• Task instructions:
Below are records to be repeated exactly. Leave their pictures behind.

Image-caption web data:
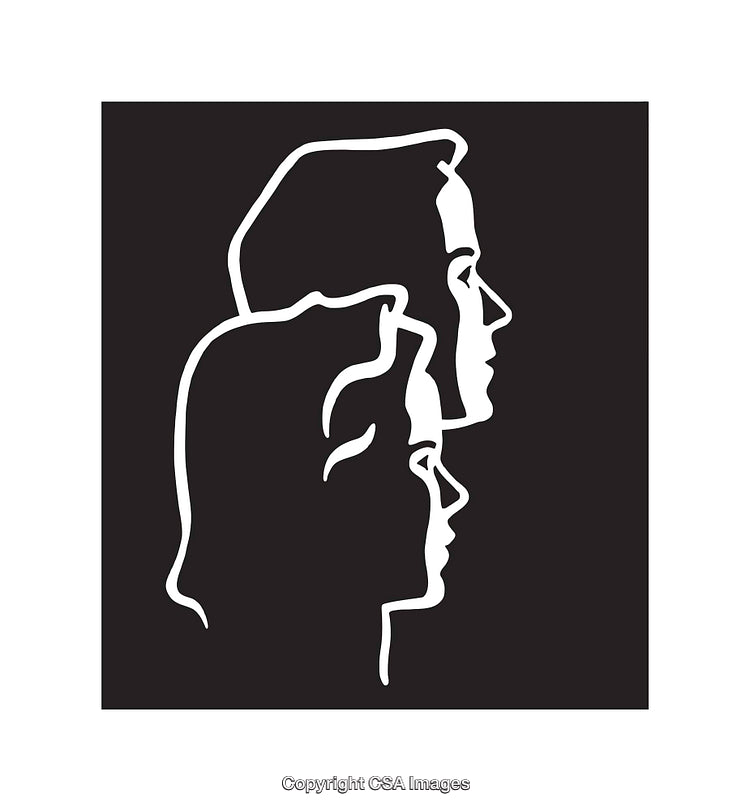 Black and White Line Art Portrait of Two Individuals Side by Side
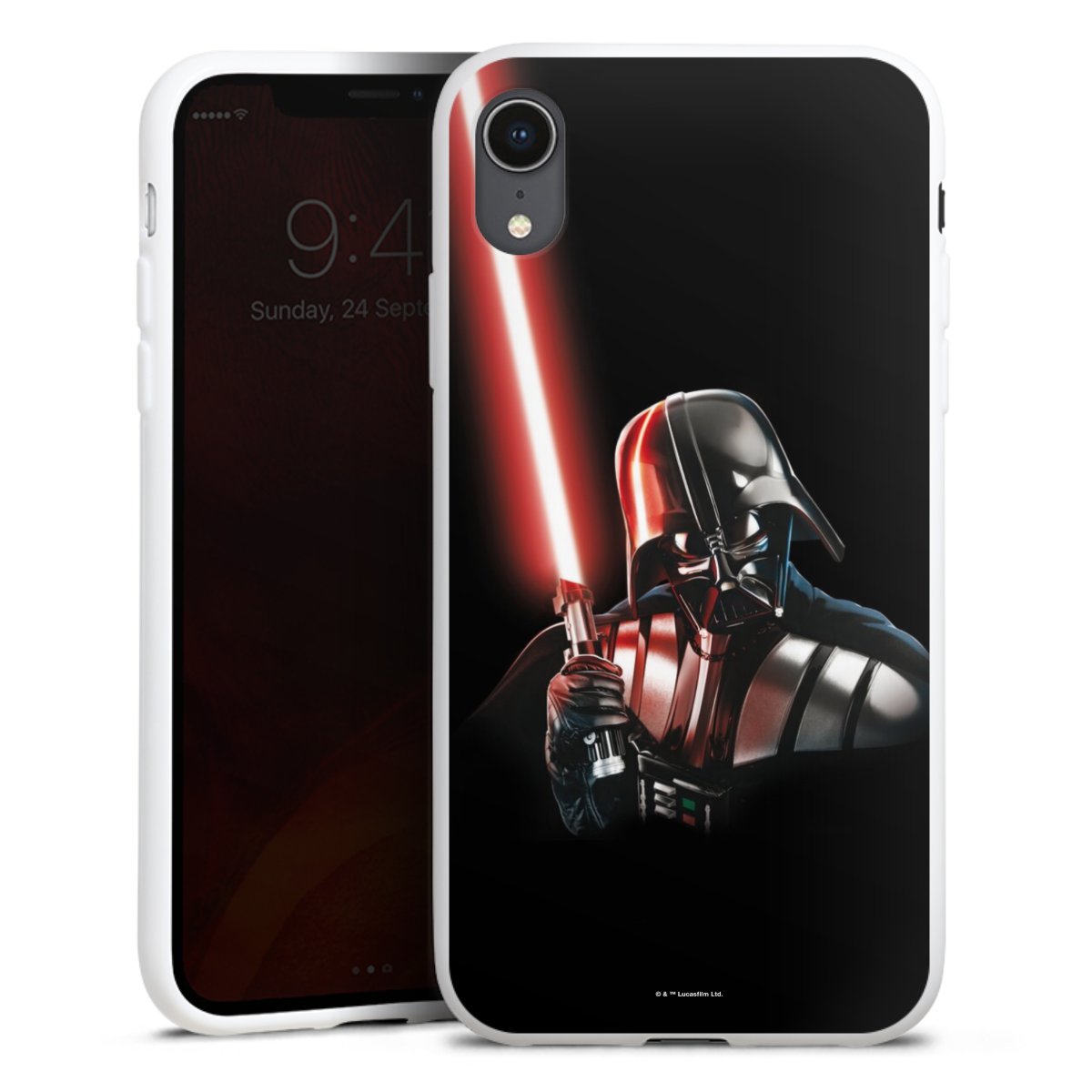 iPhone Xr Handy Silikon Hülle Case weiß Handyhülle Star Wars Merchandise Darth Vader Silikon Case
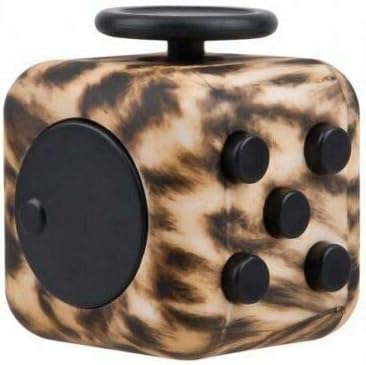 Hexa 6-Sides Fidget cube Relieves Stress Anxiety for Children & Adults Anxiety Attention Toy-Skulls (Brown-Fur)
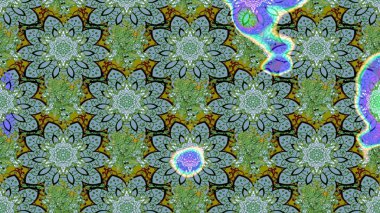 Küçük renkli çiçekler. Küçük çiçekte güzel bir desen. Motley illüstrasyonu. Moda baskıları için zarif bir şablon. Yeşil ve mavi çiçekli bahar çiçekleri.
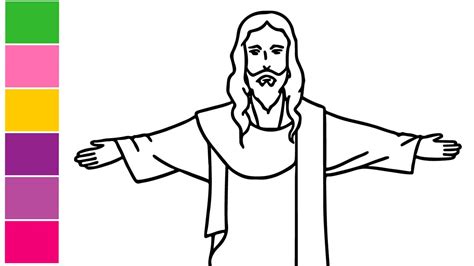 How To Draw Jesus For Kids How To Draw Jesus Christ Drawing Step By ...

• Answer box:
 Black and White Line Art Portrait of Two Individuals Side by Side
 iPhone Xr Handy Silikon Hülle Case weiß Handyhülle Star Wars Merchandise Darth Vader Silikon Case
 Hexa 6-Sides Fidget cube Relieves Stress Anxiety for Children & Adults Anxiety Attention Toy-Skulls (Brown-Fur)
 Küçük renkli çiçekler. Küçük çiçekte güzel bir desen. Motley illüstrasyonu. Moda baskıları için zarif bir şablon. Yeşil ve mavi çiçekli bahar çiçekleri.
 How To Draw Jesus For Kids How To Draw Jesus Christ Drawing Step By ...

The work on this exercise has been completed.